Люди, ни секунды не задерживаясь под острым взглядом Медведя Маршалла, высыпают слегка паникующей толпой в коридор, и когда за последним сотрудником закрывается дверь, я начинаю чувствовать себя, как кролик перед удавом. Смотрю, как Маршалл медленно встаёт с кресла главного редактора (с которого согнал бедолагу Саймона), идёт к окну, вальяжно потягивается, хрустит пальцами. Он напоминает мне хищника. Да он самый что ни на есть хищник, который крушит компании одним ударом лапы. А ещё он здоровенный. Медведь же, не зря назвали.

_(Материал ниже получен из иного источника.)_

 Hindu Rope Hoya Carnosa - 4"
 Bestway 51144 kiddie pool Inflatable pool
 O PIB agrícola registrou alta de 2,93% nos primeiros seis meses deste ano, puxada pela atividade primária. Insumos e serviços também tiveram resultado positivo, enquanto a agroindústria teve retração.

— Будете моим ассистентом на время проверки. Отработаете химчистку.
Что?! Я стою и глупо хлопаю глазами так, что с ресниц начинает осыпаться тушь (которую соседка нанесла мне в пять слоёв), зато гнев придаёт мне уверенности.
— У меня работы полно! — насколько я понимаю, снимать с меня обязанность вести колонку чёртовой Сэнди Буш никто не собирается. Он мне разорваться предлагает?! Отлипаю от стены и встаю в боевую стойку — руки в боки, ноги на ширине плеч. Я буду биться до последней капли крови.
— Успеете.
Он вальяжно садится обратно на кресло, достаёт шейкер и банку с протеинами. Качок недоделанный. Забери у тебя эту банку, кто ты без неё?!

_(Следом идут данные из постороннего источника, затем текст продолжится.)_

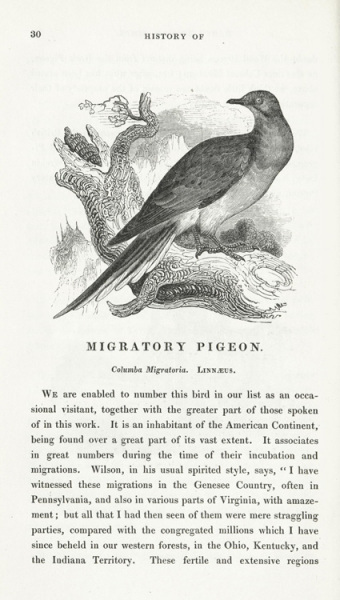 Migratory pigeon.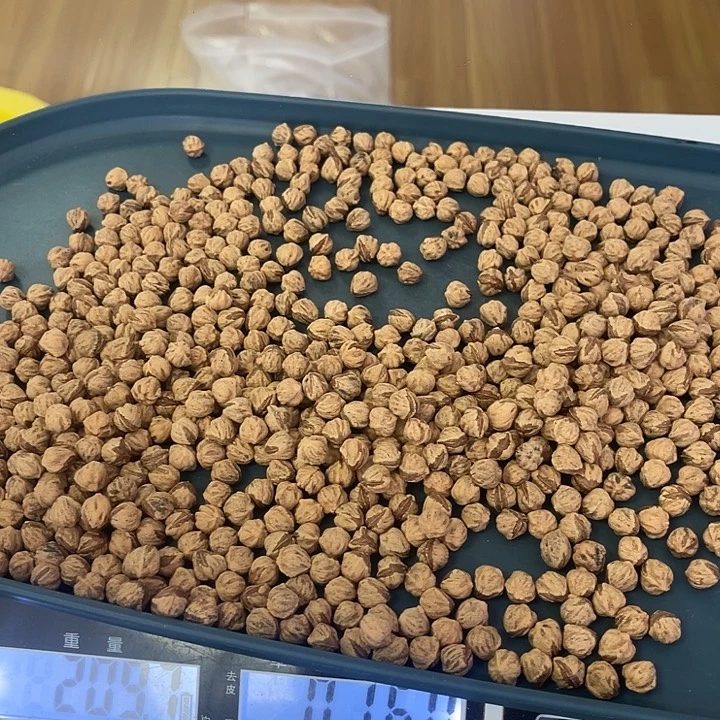 腊***三手串柏香籽/百香籽210克8+B015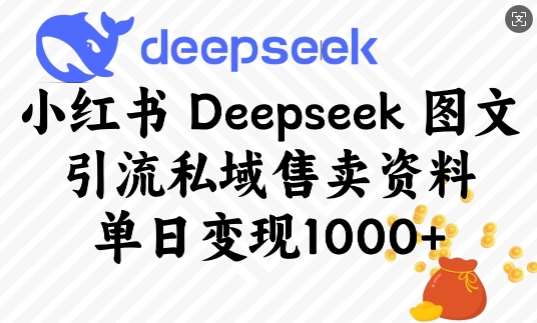 小红书Deepseek图文引流私域售卖资料,单日变现多张网创吧-网创项目资源站-副业项目-创业项目-搞钱项目网创吧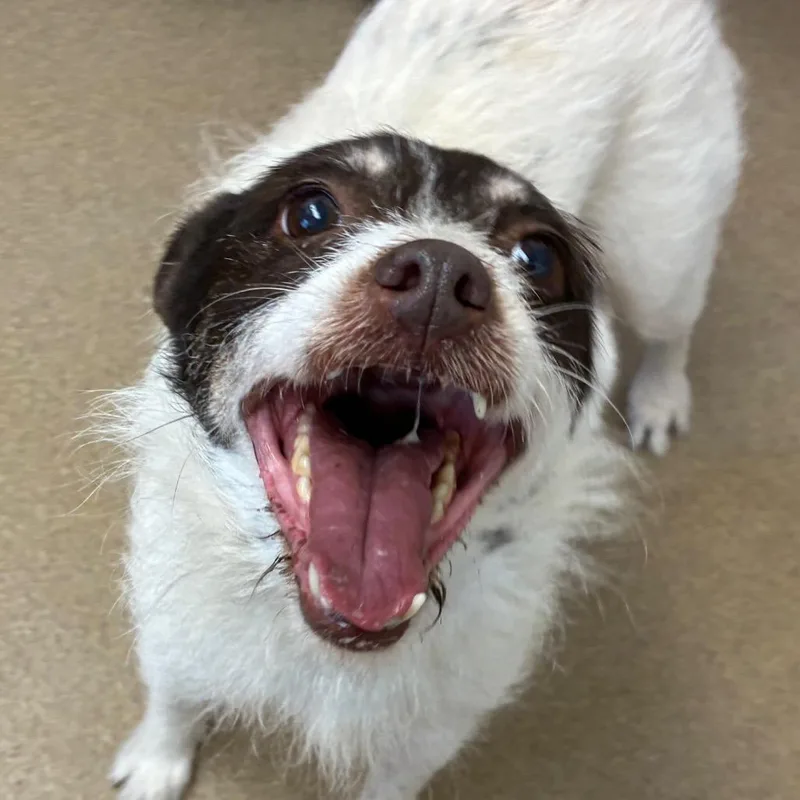 An adult small-sized female White / Cream Wirehaired Terrier dog named Charlie for adoption in Corpus Christi, TX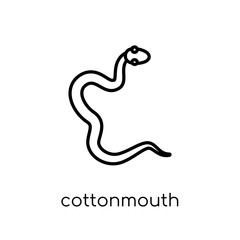 Obraz premium cottonmouth icon. Trendy modern flat linear vector cottonmouth icon on white background from thin line animals collection
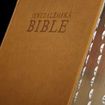 Jeruzalémská bible má nové webové stránky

— Вы вообще что-нибудь понимаете в издательском бизнесе? — испуг придаёт мне оголтелой храбрости, и я наступаю.
Вряд ли он представляет с высоты своего положения, каково нам, простым трудягам. Каково это, каждое утро считать свои расходы и думать, уволят тебя сегодня или отложат эту процедуру на завтра. Каково это сносить самодурство вышестоящих лиц, которые думают, что знают о твоей работе всё. Сэнди, эта ветреная стерва с мотором в заднице потому и скинула всё на меня, ведь разборка писем, юзание гугла, книжек по психологии, кулинарии, садоводству и сексологии требует усидчивости, концентрации и аналитических способностей, а ещё гору времени. Я, в общем-то, дурой себя никогда не считала, несмотря на то, что блондинка и на то, что так и не закончила магистратуру, но вот господин Маршалл, похоже, считает иначе. И я ему докажу, что он глубоко ошибается.

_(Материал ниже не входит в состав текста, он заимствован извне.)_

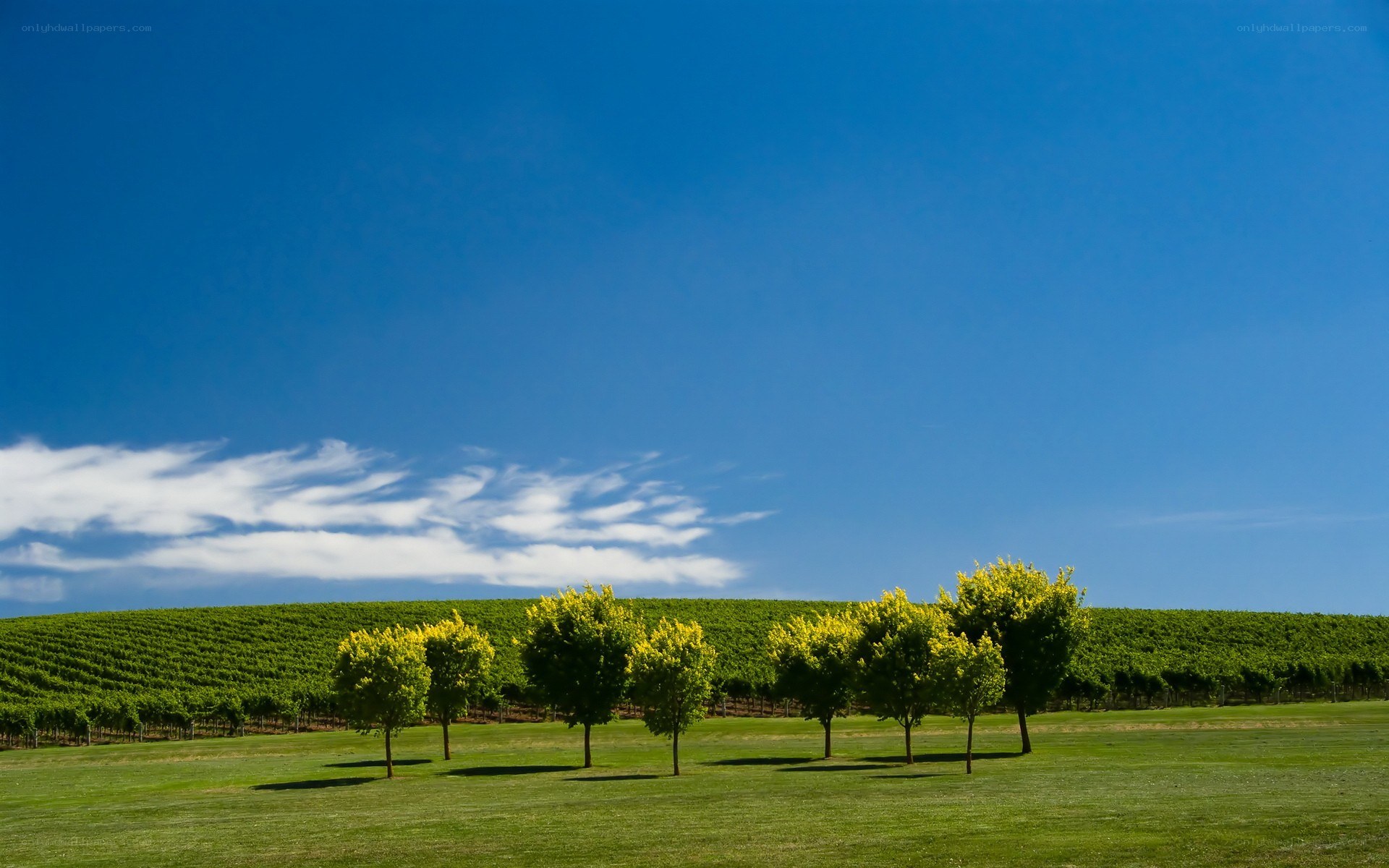 Vineyard under blue sky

— Как и в любом другом — всё, — самоуверенно отвечает он. Я сжимаю зубы, чтобы не воскликнуть «Да ладно!» со всем возможным сарказком в голосе. — Самый ценный капитал — это люди. Высокоэффективные спецы. Если колонка женских советов вызывает у вас трудности, то что вы тогда делаете в журналистике?
Так. Это удар ниже пояса. Я не знаю, что ответить. Похоже, говнюк из того типа людей, чьи суждения звучат, как святая истина в последней инстанции, как аксиома, не требующая доказательств и заставляют сомневаться в себе. Это такой психологический приём, всё мы знаем. Я не поддамся.
— Вы первая в списке на увольнение, — добивает меня, и я чувствую, что вечер проведу в слезах. — Отнесете в химчистку, потом закажете мне билет в Атланту на завтра и обратно в этот же день самым поздним рейсом. Возьмёте водителя и встретите меня в аэропорту. Дам вам задание на среду.
— Электронной почтой вы не пользуетесь? — перспектива провести вечер в аэропорту меня ни коим образом не прельщает. В век нанотехнологий, когда каждый подросток имеет свой канал на ютубе, такое вот бессмысленное личное присутствие выглядит изуверством. Я, в конце концов, не карманная собачка.
— Я передам вам бумаги.
— А я спать вообще буду? — в голосе моём уже нет звенящей храбрости, Маршалл хорошо меня осадил. Меня разрывает между желаниями плакать и кусаться до последнего. Этот день я запомню надолго.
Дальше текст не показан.